I think for a lot of women too there is a maturity that comes with motherhood—that is another transition. So there's the physical transition from girlhood to womanhood, and then there's also this sense of having a larger purpose. Whatever your work-life may be, the fact is, you're responsible for someone else's wellbeing, and that's a very big thing. And it's super rewarding. I think most people would tell you, what our parents would say, that that's the most rewarding thing that they do, also the most challenging.

How do husbands either help or hinder the path that women take after kids to get back to feeling sexy?
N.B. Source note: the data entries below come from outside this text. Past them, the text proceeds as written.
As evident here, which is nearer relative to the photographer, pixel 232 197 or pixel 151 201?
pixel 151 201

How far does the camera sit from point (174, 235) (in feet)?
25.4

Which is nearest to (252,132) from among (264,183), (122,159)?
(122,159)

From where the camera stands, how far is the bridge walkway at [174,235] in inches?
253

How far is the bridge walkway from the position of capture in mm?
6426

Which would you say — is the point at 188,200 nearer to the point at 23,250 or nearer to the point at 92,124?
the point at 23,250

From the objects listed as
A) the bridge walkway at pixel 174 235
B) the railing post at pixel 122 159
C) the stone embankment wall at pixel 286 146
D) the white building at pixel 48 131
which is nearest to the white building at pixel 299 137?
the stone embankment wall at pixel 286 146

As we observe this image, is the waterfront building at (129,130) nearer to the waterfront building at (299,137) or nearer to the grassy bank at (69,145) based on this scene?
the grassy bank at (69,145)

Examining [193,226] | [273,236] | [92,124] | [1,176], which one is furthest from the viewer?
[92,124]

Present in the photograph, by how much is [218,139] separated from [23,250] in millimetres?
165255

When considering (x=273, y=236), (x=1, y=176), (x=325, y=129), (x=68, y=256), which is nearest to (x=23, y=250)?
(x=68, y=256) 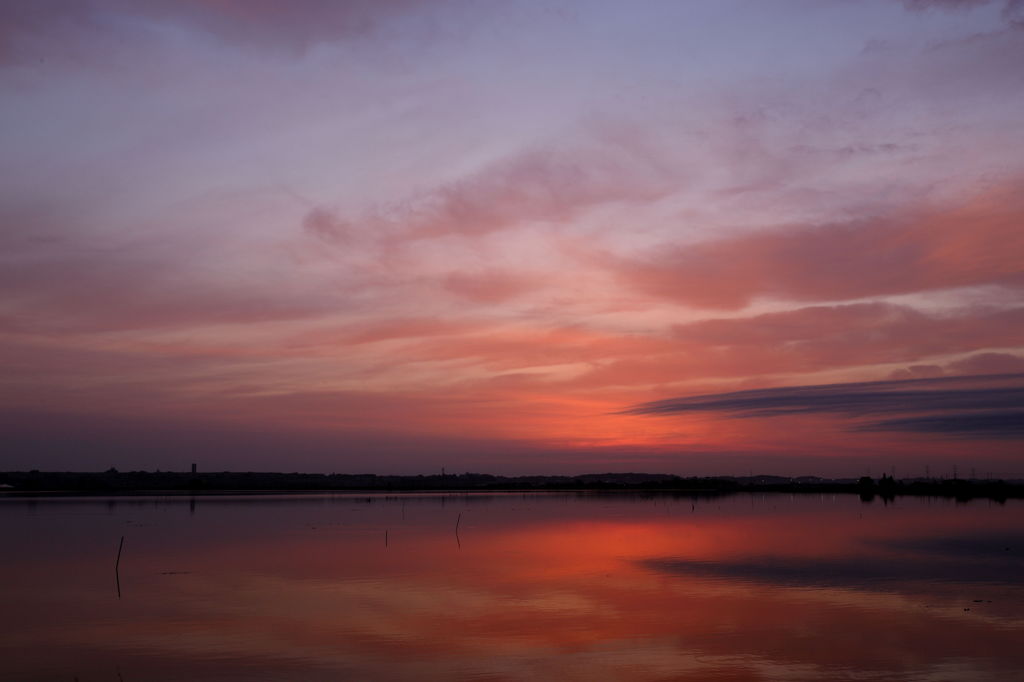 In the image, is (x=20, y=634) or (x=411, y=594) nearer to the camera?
(x=20, y=634)

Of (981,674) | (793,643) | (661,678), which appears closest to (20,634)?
(661,678)

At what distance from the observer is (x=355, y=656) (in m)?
22.7

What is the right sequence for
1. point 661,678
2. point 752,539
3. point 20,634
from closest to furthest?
point 661,678 < point 20,634 < point 752,539

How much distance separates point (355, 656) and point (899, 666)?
13.0 m

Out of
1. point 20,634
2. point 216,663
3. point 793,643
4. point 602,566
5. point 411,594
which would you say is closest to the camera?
point 216,663

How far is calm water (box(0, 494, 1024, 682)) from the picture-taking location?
21.7 m

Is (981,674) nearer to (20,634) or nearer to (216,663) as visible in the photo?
(216,663)

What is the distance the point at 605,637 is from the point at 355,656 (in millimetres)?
6684

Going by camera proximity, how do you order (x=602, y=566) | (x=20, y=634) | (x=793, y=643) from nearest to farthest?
(x=793, y=643) < (x=20, y=634) < (x=602, y=566)

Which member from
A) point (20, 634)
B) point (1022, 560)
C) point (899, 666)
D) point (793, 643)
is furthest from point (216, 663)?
point (1022, 560)

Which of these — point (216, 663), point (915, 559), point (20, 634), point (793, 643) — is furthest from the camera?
point (915, 559)

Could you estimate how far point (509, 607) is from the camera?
2991 cm

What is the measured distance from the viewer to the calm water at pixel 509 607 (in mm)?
21719

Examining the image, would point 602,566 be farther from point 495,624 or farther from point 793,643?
point 793,643
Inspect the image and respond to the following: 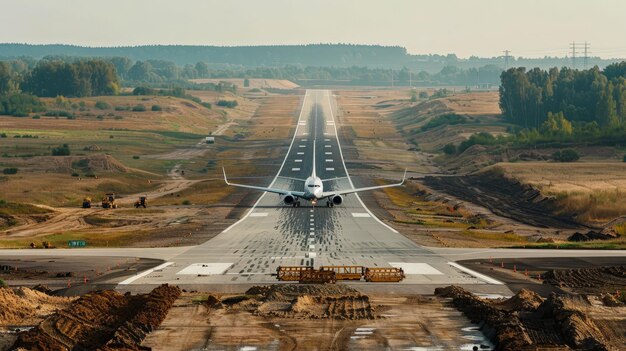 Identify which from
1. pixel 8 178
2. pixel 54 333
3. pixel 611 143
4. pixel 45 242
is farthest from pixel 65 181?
pixel 54 333

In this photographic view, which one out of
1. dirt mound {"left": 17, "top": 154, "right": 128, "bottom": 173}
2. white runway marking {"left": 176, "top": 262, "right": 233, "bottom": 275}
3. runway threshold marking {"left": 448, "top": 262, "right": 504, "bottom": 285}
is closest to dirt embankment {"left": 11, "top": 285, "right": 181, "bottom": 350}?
white runway marking {"left": 176, "top": 262, "right": 233, "bottom": 275}

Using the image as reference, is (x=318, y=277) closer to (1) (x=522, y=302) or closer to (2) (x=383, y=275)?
(2) (x=383, y=275)

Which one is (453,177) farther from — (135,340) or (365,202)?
(135,340)

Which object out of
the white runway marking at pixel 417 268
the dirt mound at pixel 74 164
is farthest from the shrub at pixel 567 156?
the white runway marking at pixel 417 268

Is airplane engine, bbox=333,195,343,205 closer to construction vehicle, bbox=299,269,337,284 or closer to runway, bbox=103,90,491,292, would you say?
runway, bbox=103,90,491,292

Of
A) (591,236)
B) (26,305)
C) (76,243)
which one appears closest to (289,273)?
(26,305)

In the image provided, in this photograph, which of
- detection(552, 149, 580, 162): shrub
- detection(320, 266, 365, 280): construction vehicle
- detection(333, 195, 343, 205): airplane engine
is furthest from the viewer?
detection(552, 149, 580, 162): shrub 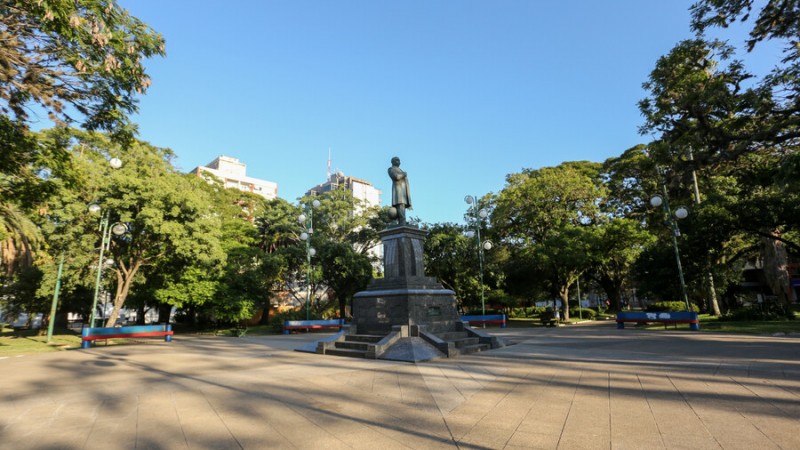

That's a very good question. I think that probably husbands hinder more than they help. But I think it's entirely subconscious. Everyone is under a lot of stress. I remember missing my husband all day long, and I couldn't wait for him to get home. But then he'd walk through the door and I'd think, "Oh my God, what an asshole!" just because he wasn't in the trenches with me all day long. And I think there is a lot of that sort of tension.

Then of course, there's the tension from the father's side, which is that, you know, this is a person you're supposed to be physically intimate with—especially if you're in a monogamous marriage—and if that person is not feeling like she's wanting to be physically intimate then that's frustrating for everyone. So there's tension there. One of the most important things about the book is that the inspiration and the motivation needs to come from the woman. Her body has been the site of the trauma of pregnancy and childbirth and her body, in most cases, is the one that's being tugged on all day long and sat on and burped up on. So really, the woman needs to find a way so that she's the one who's feeling good about any sort of sexual interaction.

One of the problems is that women feel like "My husband is just always wanting to have sex and I'm not." And again, there are psychological studies that prove that three years after the baby's born men are having three or four sexual urges a day and women have one every three days, or something. So there's that natural disparity, but I think if a woman can find a way, whether that's through better communication with her spouse or whether that's a girl's night out, whatever it is that makes her feel more in touch with the sensual part of who she is. If a woman can find that, then in fact there are lots and lots of benefits to be had from the physical intimacy that you can maintain with your spouse.

What are some activities that mothers can do on their own, fathers can do on their own and then what can couples do together to help maintain a relationship?

There's a lot of practical information in the book although it's mostly full of anecdotes. I think one of the important things and one of the basic messages is just to prioritize things differently. If you can find a way, as a mom, to let the dishes pile up or let the dust bunnies accumulate— if you can let go of some of that stuff in the name of some physical intimacy then I think that's a huge step in the right direction. The fact is, your husband would rather have take-out than a home-cooked meal if it means you're going to get to bed 20 minutes early and have your needs met.